Two C++ implementations: O(n) 16ms, O(nlogn) 12ms


  • 9
    X

    Worst running time: O(n), Practical: 16ms.
    Space: O(n).

    class Solution {
    public:
        vector<int> twoSum(vector<int>& nums, int target)
        {
            unordered_map<int, int> numsMap;
    		vector<int> result;
    		
    		for (int i = 0; i < nums.size(); ++i)
    		{
    			int addend = target - nums[i];
    			if (numsMap.find(addend) != numsMap.end())
    			{
    				result.push_back(numsMap[addend]+1);
    				result.push_back(i+1);
    				
    				return result;
    			}
    			
    			numsMap[nums[i]] = i;
    		}
        }
    };
    

    Worst running time: O(nlogn), Practical: 12ms.
    Space: O(n).

    class Solution {
    public:
        vector<int> twoSum(vector<int>& nums, int target) {
            vector<int> numsCopy(nums.begin(), nums.end());
            sort(numsCopy.begin(), numsCopy.end()); // O(nlogn)
            
            int i = 0;
            int j = numsCopy.size()-1;
            
            while (i < j)
            {
                int sum = numsCopy[i] + numsCopy[j];
                if (sum < target)
                    i++;
                else if (sum > target)
                    j--;
                else
                {
                    break;
                }
            }
            
            return GetIndexOfAddends(nums, numsCopy[i], numsCopy[j]);
        }
        
    private:
        vector<int> GetIndexOfAddends(const vector<int>& nums, int addend1, int addend2)
        {
            vector<int> result;
            
            for (int i=0; i<nums.size(); i++)
            {
                if (nums[i] == addend1 || nums[i] == addend2)
                {
                    result.push_back(i+1);
                }
            }
    
            return result;
        }
        
    };

  • 0
    W

    In the first algorithm, it needs some time to apply a new node where stores the information when we insert a number.
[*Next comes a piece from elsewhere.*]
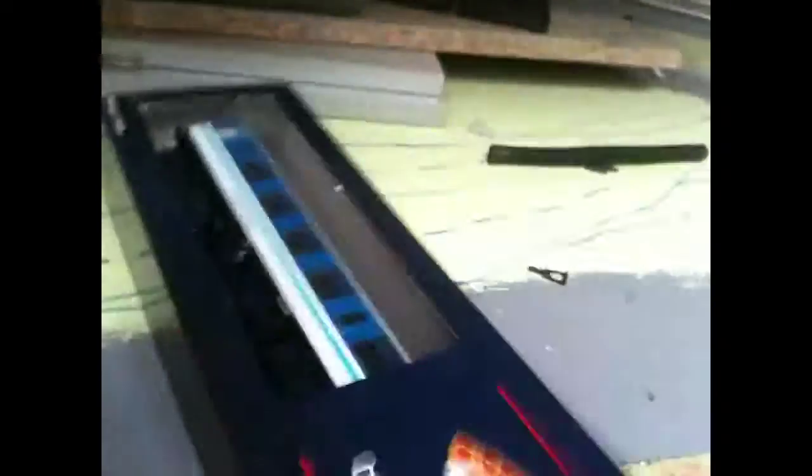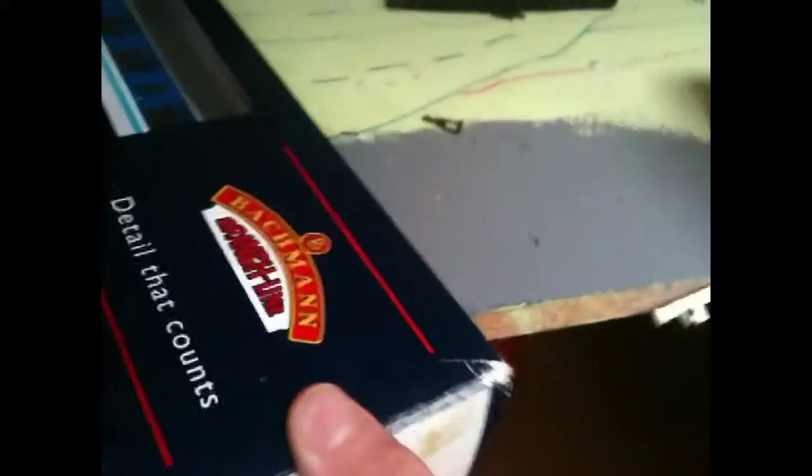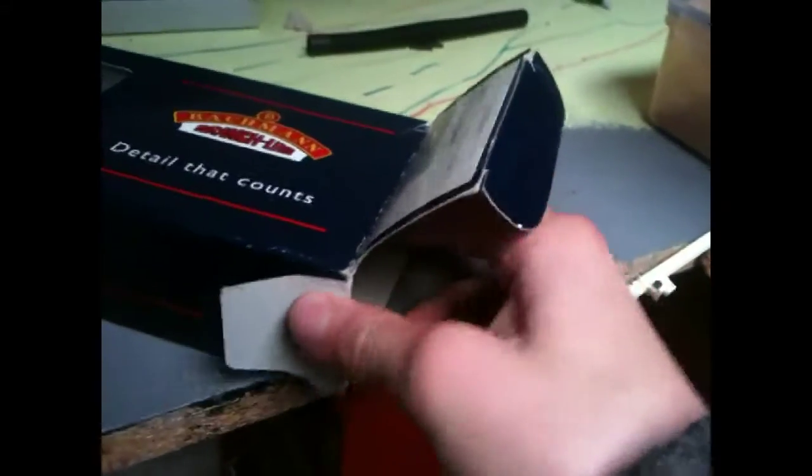I traded this with MacMillan 5A, and it is very nice. Let's get it open.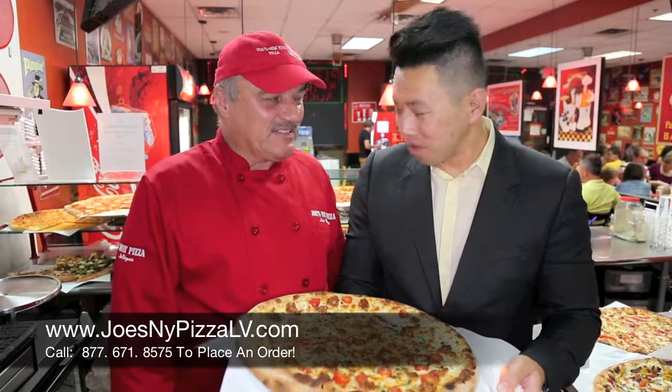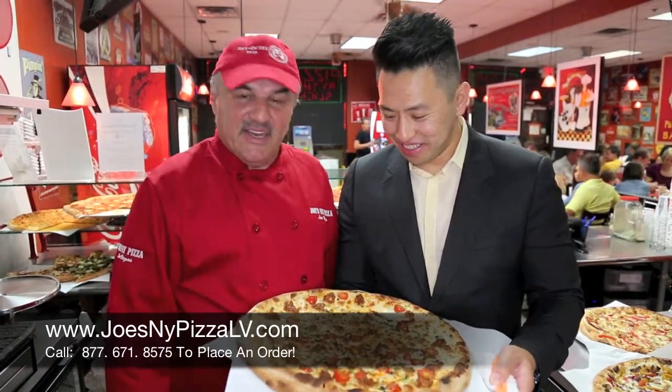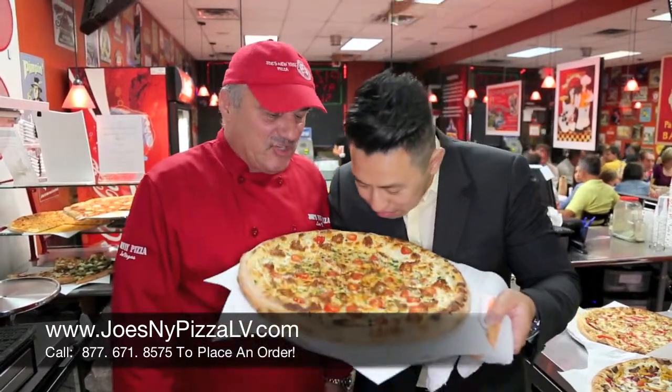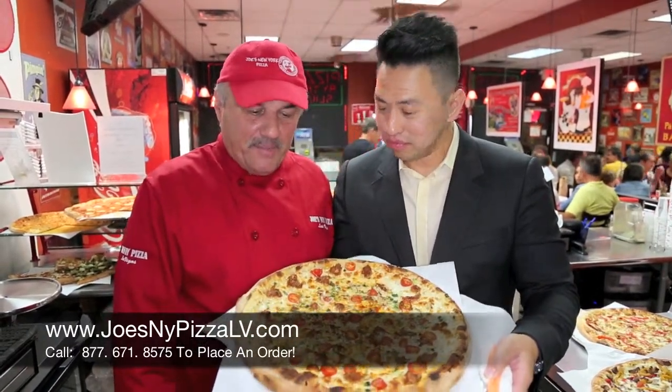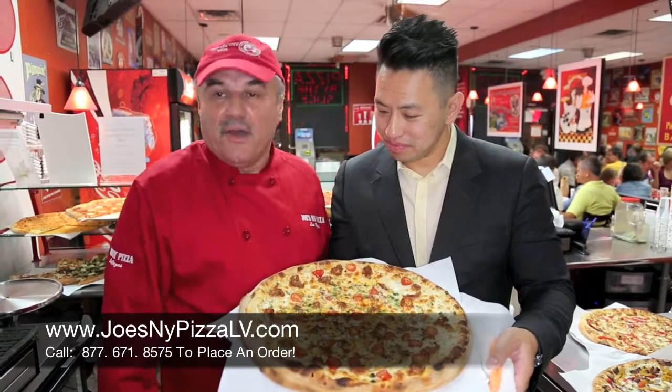The master chef is behind the specialty pizza again. We have more ingredients from all around the world. This one is a homemade Hungarian sausage, hand-crafted with some scallions and grape tomatoes on a white sauce.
So when n is much larger(apply is less important), the algorithm 1 will be faster than algorithm 2.


  • 0
    H

    In the first algorithm, why is 'unordered_map<int, int> numsMap not initialized but able to work correctly?


  • 0
    F

    when n is big,algorithum 1 would be terrible?


  • 0
    X

    It actually calls the default constructor which creates "an empty unordered_map object, containing no elements and with a size of zero". More details about it can be found here http://www.cplusplus.com/reference/unordered_map/unordered_map/unordered_map/.


  • 0
    X

    I think in practice it would be terrible for a big n. When n is huge, the hash table is likely to get frequent collisions. It will cost most of the time to resolve the collisions.

    I compared the two algorithms using the test data from the Stanford online course “Algorithms: Design and Analysis, Part 1” (the Programming Question 6). The test data contains 1 million integers, both positive and negative. Both algorithms were implemented by C++ without any optimisation. The result is that the Algorithm 2 (using sorted) is nearly twice as fast as the Algorithm 1 (using hash table). If you are interested I am glad to email you the code and test data.


  • 0
    X

    As I commented above, in practice hash table may get frequent collisions for a huge n and have a high cost of collision resolution. If we do not optimise the hash table, I think Algorithm 2 (using sorted) is likely to have a better practical performance than Algorithm 1 (using hash table).